Conservative writer and former Boy Scout Timothy Birdnow, in an article today titled, “Tillerson’s Assault on the Scout,” responded to the Exxon executive’s remarks:

So resistance to change is tied not to a moral absolute, but rather to a lack of understanding, and there are no ‘winners or losers.’  The boys lost, but Tillerson fails to see it.

How is opening an organization that involves young boys in close proximity to open homosexuals in the former's best interest?  Will Tillerson next seek to recruit hookers for them?  These are boys in their early teenage years, after all, and as such, one must question their self-identification as homosexual.  If they do fall into that category, the purpose of an organization like the Boy Scouts is to lead boys away from such things.

The Boy Scouts’ shift toward homosexual advocacy was especially bitter for American pro-family advocates since the Scouts—in the 2000 BSA vs. Dale case–had already won their right through the U.S. Supreme Court not to hire adult homosexuals, based on their First Amendment freedom to live by their own moral code.

The BSA has had a problem with sexual predators as homosexual Scoutmasters—exposed through a lawsuit that forced the release of a portion of the BSA’s so-called “perversion files.”

Exxon goes “gay”

Tillerson's corporation, Exxon-Mobil, initially resisted adopting broad homosexuality- and transgender-affirming policies advocated by LGBT activists. This led liberal “gay” groups like Human Rights Campaign to target Exxon-Mobil for protests.

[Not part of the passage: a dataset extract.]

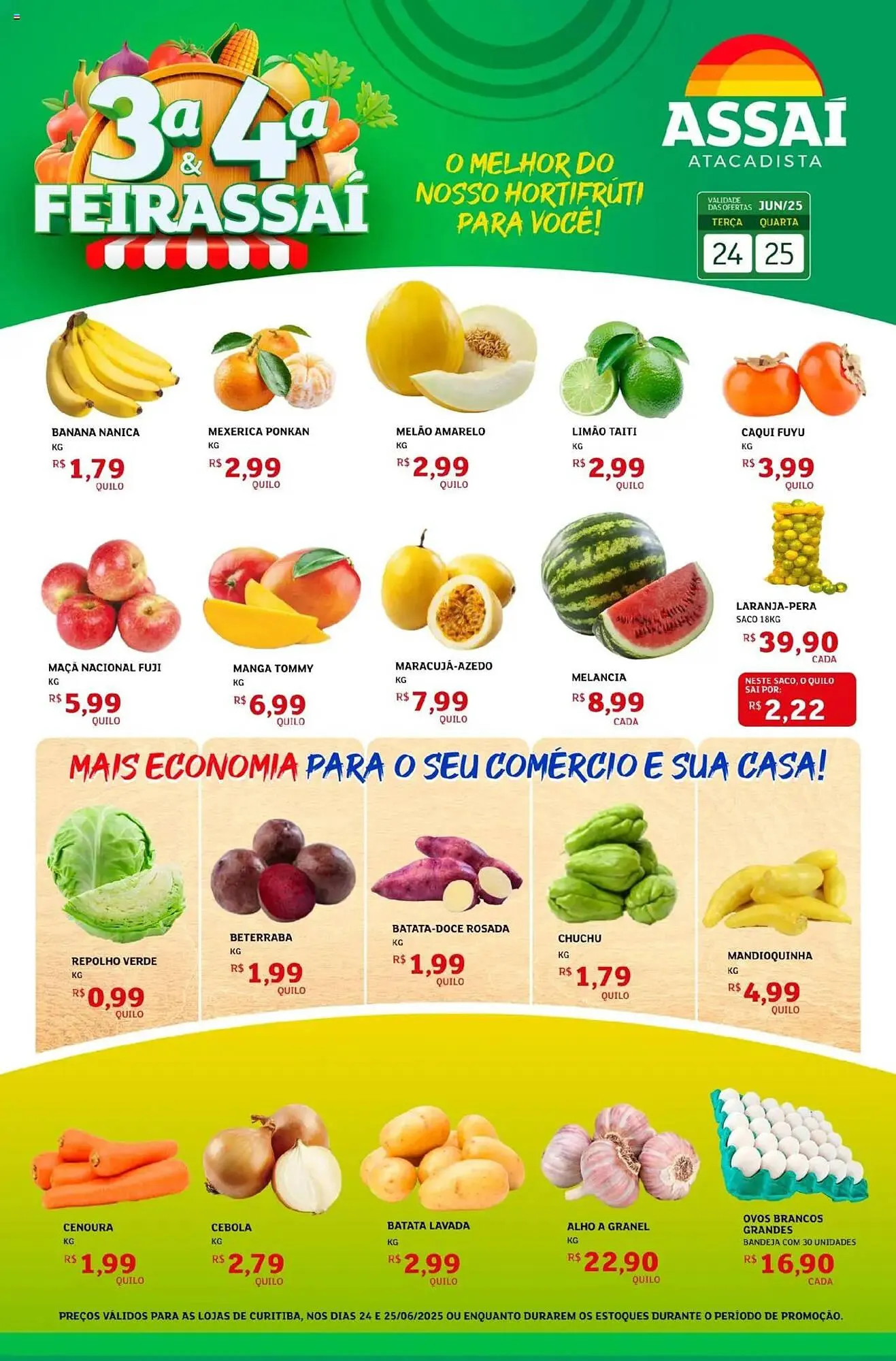 Encarte de Catálogo Assaí Atacadista 24 de junho até 26 de junho 2025 - Pagina 1
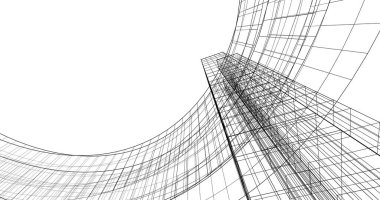 soyut mimari duvar kağıdı tasarımı, dijital konsept arkaplan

Thus Exxon became a part of the corporate “culture wars” as conservatives would go out of their way to buy the politically incorrect company’s gas, while homosexual activists and their liberal allies would consciously avoid Exxon stations.

However, Exxon now has an 85 percent ranking on HRC’s 2017 “Corporate Equality Index,” the organization’s self-serving guide for scoring major corporations on LGBTQ issues and philanthropy. That score is up from 25 percent in 2013.

Human Rights Campaign charged that Exxon-Mobil shifted its homosexual-related policies only to become eligible for federal contracts–after President Obama issued an executive order mandating that the federal government only do business with contractors that have explicit pro-LGBTQ nondiscrimination policies.